On a good day, parenting will test the integrity of your character. On a bad day, parenting will test your will to live. Parenting children with trauma histories will cause you to test the integrity of everything and everyone you thought you knew, for the rest of your life.
~J. Skrobisz

Sunday, July 31, 2011

breathing

yes, I'm still alive.

My whole body HURTS. My head HURTS. My brain HURTS. My heart HURTS.

I'm sitting in bed at 11:30 a.m., covers pulled up to my chest, AC set to 74, ceiling fan on high, coffee on my bedside table along with quilt mags that came in the mail earlier this week. Talk about despondent - I haven't even opened the magazines. Quilting? Hasn't happened all week.

AB is in his pajamas, lying on the floor singing to the dog who is also lying on the floor.

The Dad is in the recliner, hardly able to move. He's as sore as I am but for different reasons. WG has slept in our bed all week because she's terrified of Sissy's violent behaviors and screaming so The Dad has acquiesced and slept in the recliner all week. Neither of us has slept well at all, Sissy's been a loud, restless sleeper for two weeks now. We're on pins and needles because she is sleep walking again and the alarm is no longer sufficient to contain her in her room.

WG is also in her pajamas, playing contentedly with her stuffed doggies. She had major meltdowns the last two days, venting her fear and anxiety by beating up and berating me. We have been working through a therapy packet Sissy's therapist left for us. It seems to be stirring things up in WG's little mind.

Sissy is in the shower, I'm waiting for her to call 5's ... hold on, she's shouting ...

OK, so I went into the bathroom, she was hollering that there was no shampoo. (there was). She was showering in the dark and the bathroom smelled like urine, her soaked underwear in a ball on the bathroom floor ...

God, it's going to be a long day.

6 comments:

MariaG said...

Oh dear ... I can't believe what you are living through. I will keep you and your family in my prayers. I'm sorry for what you are all going through ... which isn't really helpful ... but I don't know what else to say.
Maria (Canada)

beemommy said...

I do not have the words. I am so sorry that your family is in the midst of this crisis and "they" the poweres that be will not help. What I can do is pray that somehow, some way the insurance or whoever will see that they have to get her out of there. Hugs Jennie, God how I wish I could do more.

Lisa said...

This is where you step back from the situation and detach - emotionally distance yourself for your own good. All of these situations, instances, etc help you move back a little bit, or they destroy you. It's the big things that garner the attention, it's the little things that wear you down and crush you a little bit every day until you can't function. It sounds funny saying you need to detach from the child you are so desperately trying to help - because if she were attached to begin with, your problems would be exponentially lessened. Yes, the mental illness would still be there, but there is such a huge difference (as you know) between parenting an attached child with problems and an unattached child with problems (who also hates you). It's not about giving up, it's not about rejecting the child. It should be quite obvious to all the professionals here that Sissy DOES NOT DO WELL IN A HOME ENVIRONMENT - it wouldn't matter whose home. If she can do well in a hospital or residential setting - well hurray for that. If she can heal in a setting like that (eventually) even better, but ping-ponging back and forth every few months is just such a waste of time and energy and MONEY that they supposedly don't have to spend anyway.
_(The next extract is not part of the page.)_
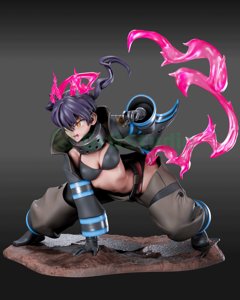 extracted_john-gr8-tamaki-sell-2.jpg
This system is so screwed up there are truly no words to describe how they're making the problems even worse for the families they're trying to help.

Debora Hoffmann said...

Precious friend, I wish I had the words...I wish so very much I had the solution you need!

Mama said...

I do hope we've talked enough for you to know I write this in love. You know I'm a long-time reader and "sister", so I have to tell you that I see the situation has gone far past misery, even past dangerous. It is now to the point that your entire family is under seige, and who knows what it will take to help the rest of you overcome and get to a point of health again. It is past time for you to do what you know you have to do, for her sake and for the sake of everyone under that roof. Time to do it.

tbirdonawire said...

I've only recently begun reading your blog. Right now if I could I would give you a huge hug and an offer to stay with Sissy for a few days. How I wished we'd had respite available freely in our area during our time of turmoil. I remember well sleeping in recliners or on the floor of our daughter's bedroom to make sure she didn't fatally cut herself.

Our situations aren't exactly the same but I understand the despondency and exhaustion.